Your objective — Write out word for word each line from the top of the material through the line that has "Sticker rond Rayons". Pictures do not go in.

╔══

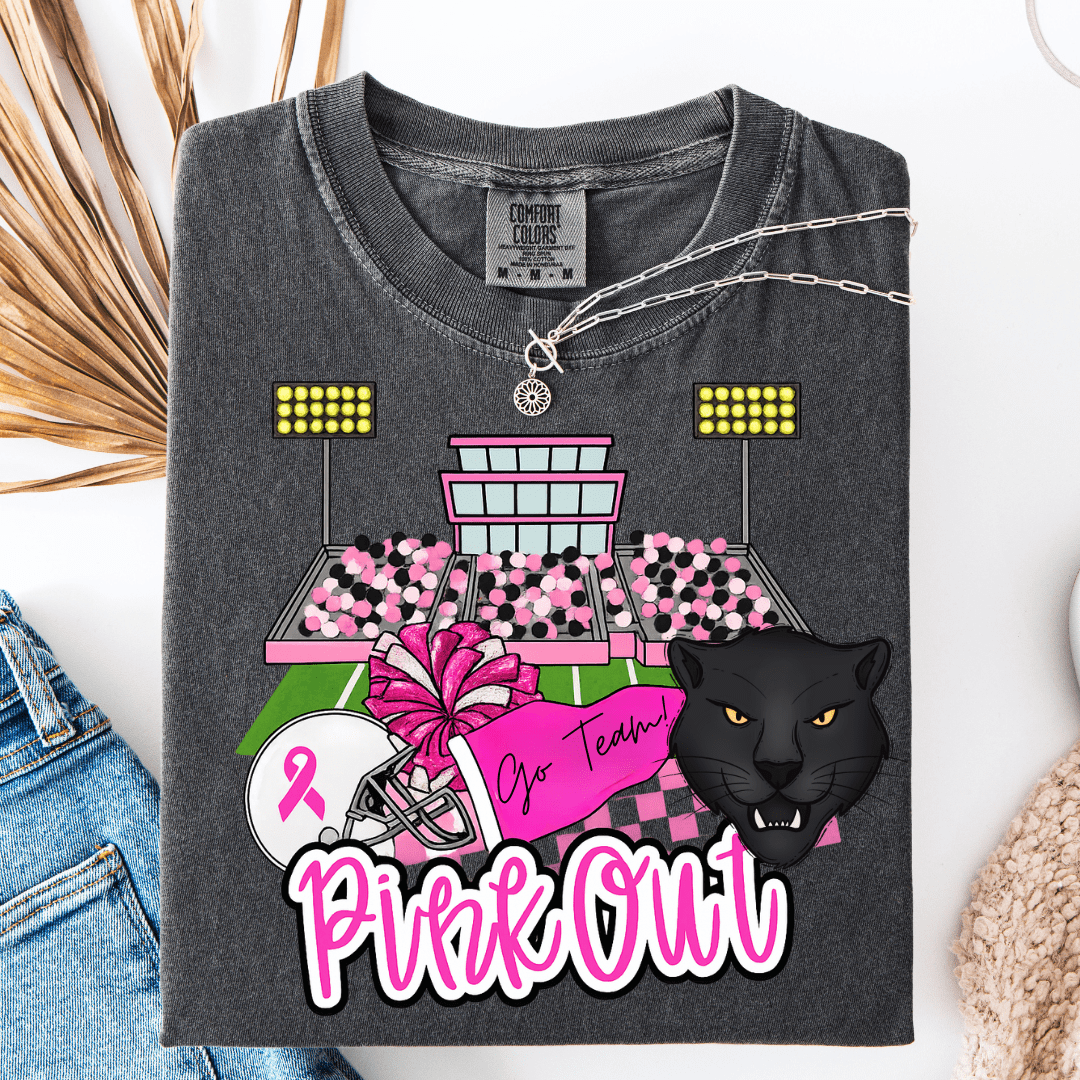 FestiviTees Women - Apparel - Shirts - T-Shirts Pink Out Panthers Graphic Tee
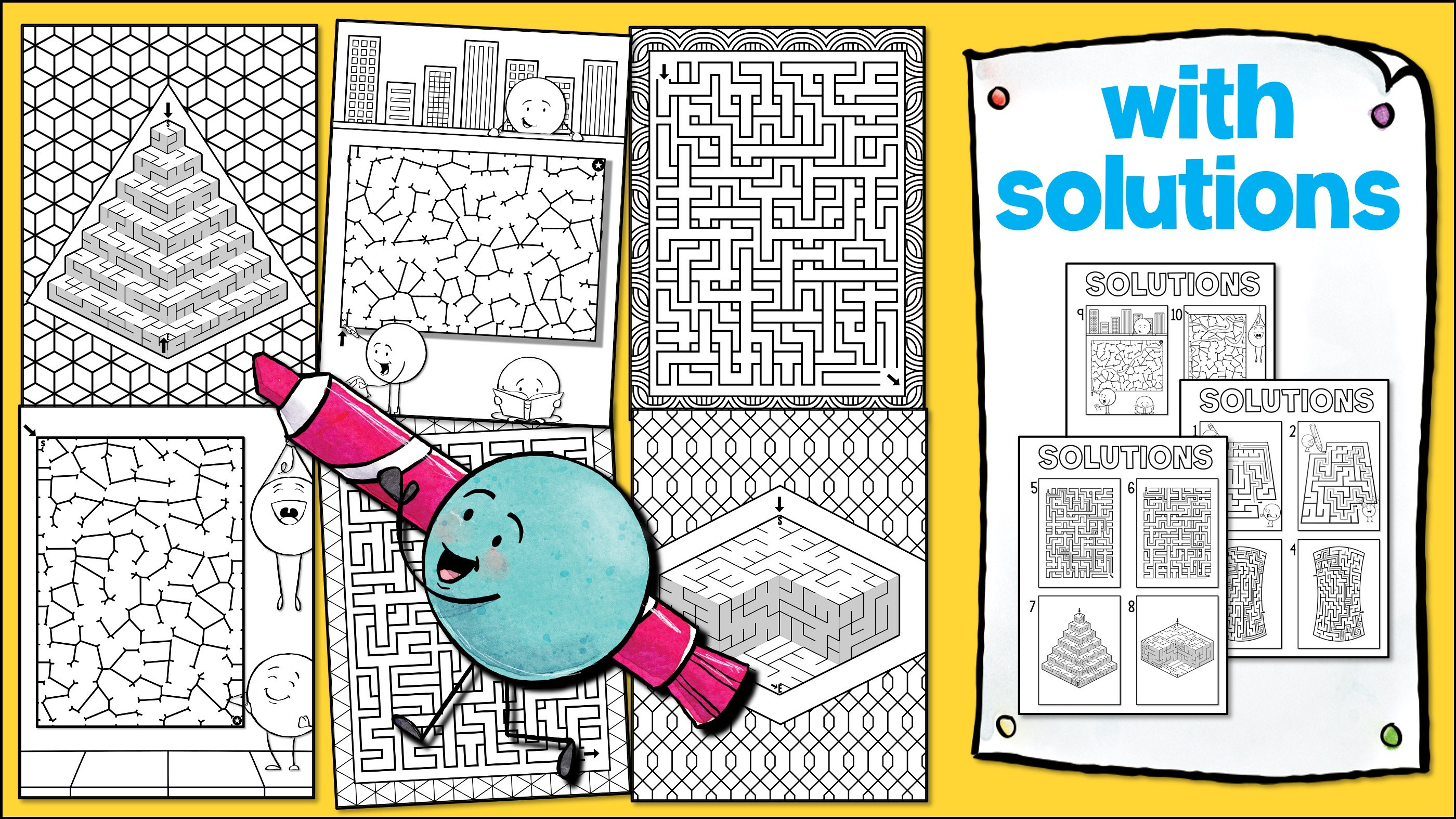 Printable Maze Coloring Pages, Kids Activity Book, PDF Download, Home ...
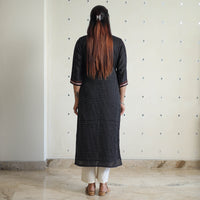 Black - Traditional Cotton Khun Straight Kurta for Women 16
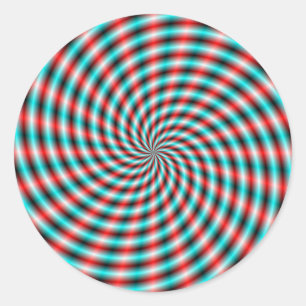 Sticker rond Rayons Turquoise et Rouge Spirale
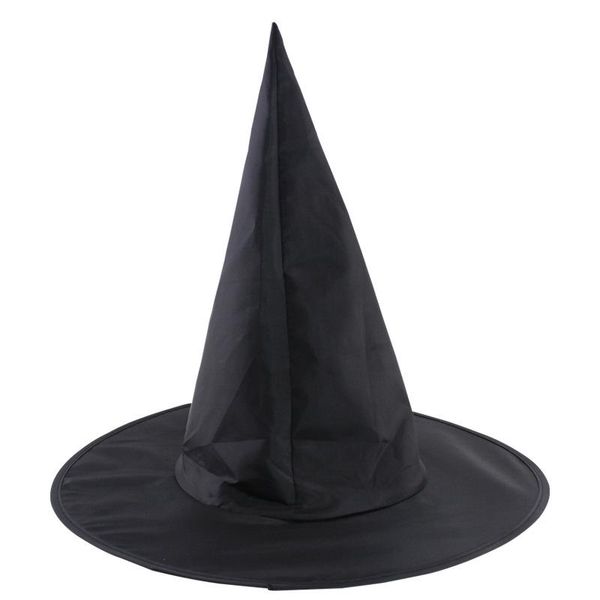 Party Hats Whult Black Wizd Wizard Hat Halloween Cosplay для мужчин Женщины Детские Язычные Платья Костюм Аксессуар Пика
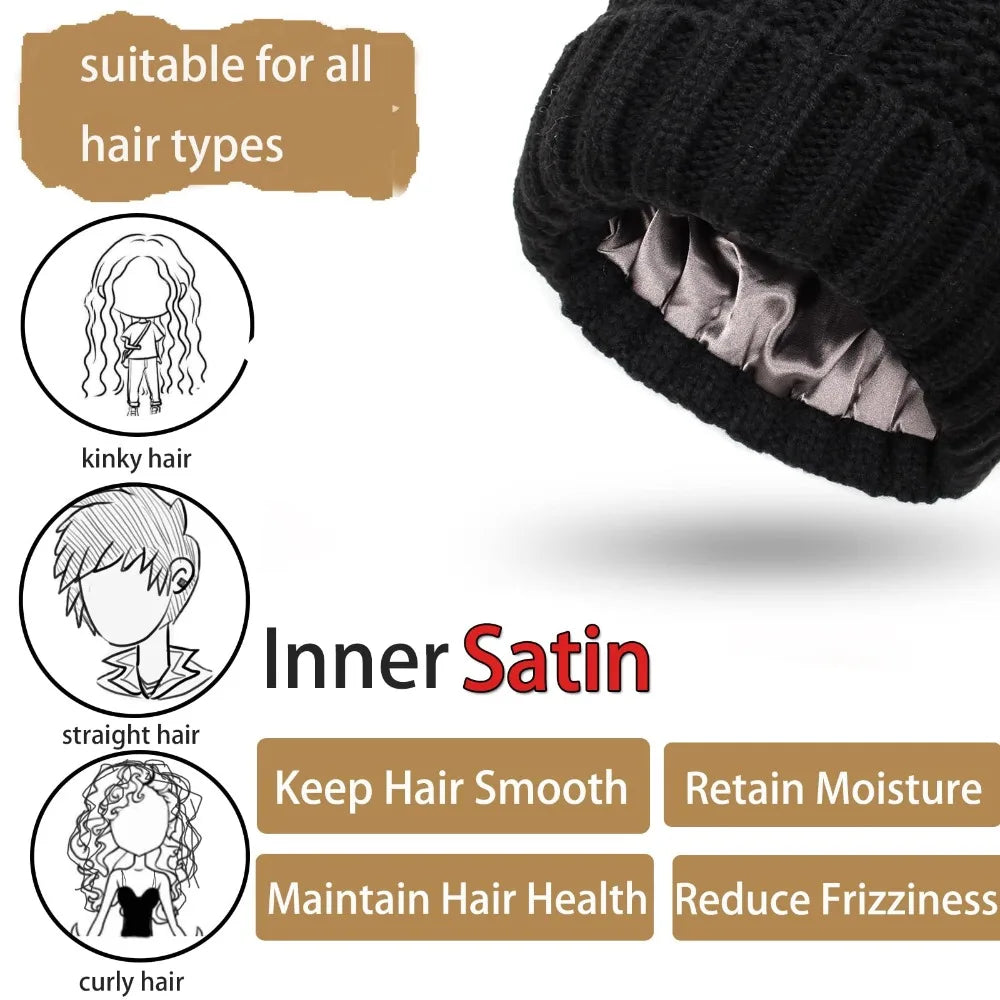 Satin Lined Beanie - Stretchy Knitted Wool Winter Hat for Women and Men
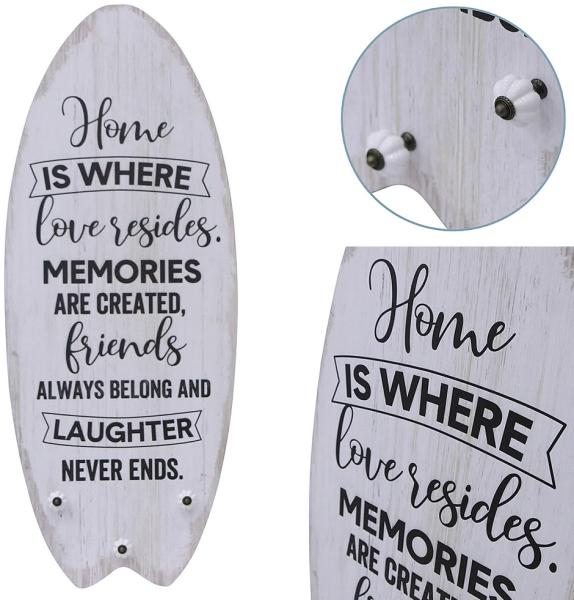 Plankenschild Surfboard 100 cm mit Kleiderhaken Holzbild Home Surfbrett Wandbild Garderobenhaken Jackenhaken Kleiderhaken Wandbilder Holz Wanddekoration Wandschild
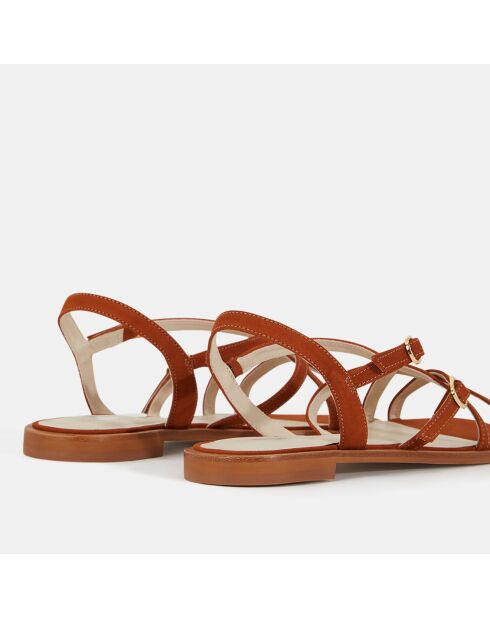 Sandales plates en Cuir orange brique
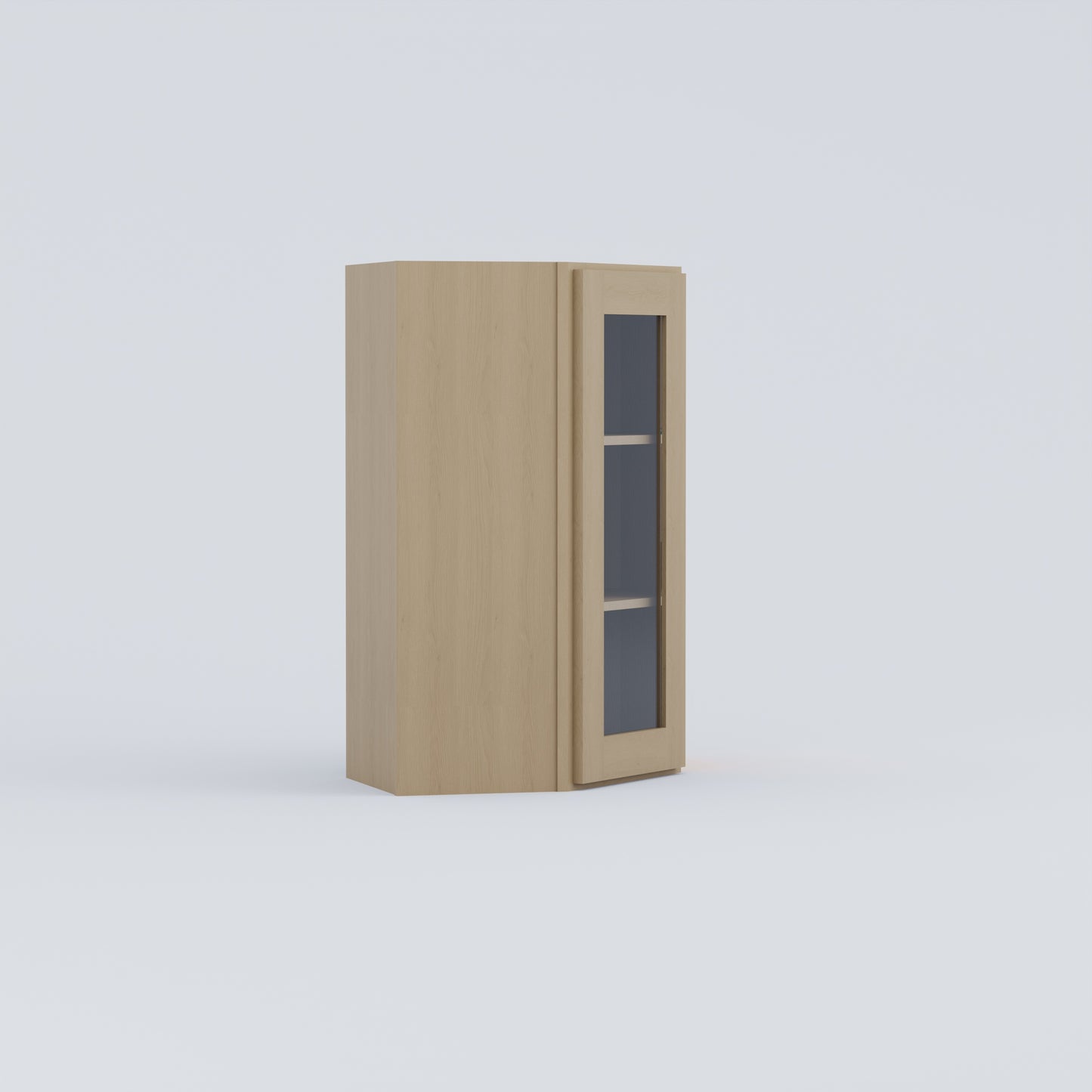 Shaker Diagonal Corner Wall Cabinet natural wood glass door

╚══

Task output —
 FestiviTees Women - Apparel - Shirts - T-Shirts Pink Out Panthers Graphic Tee
 Printable Maze Coloring Pages, Kids Activity Book, PDF Download, Home ...
 Black - Traditional Cotton Khun Straight Kurta for Women 16
 Sticker rond Rayons Turquoise et Rouge Spirale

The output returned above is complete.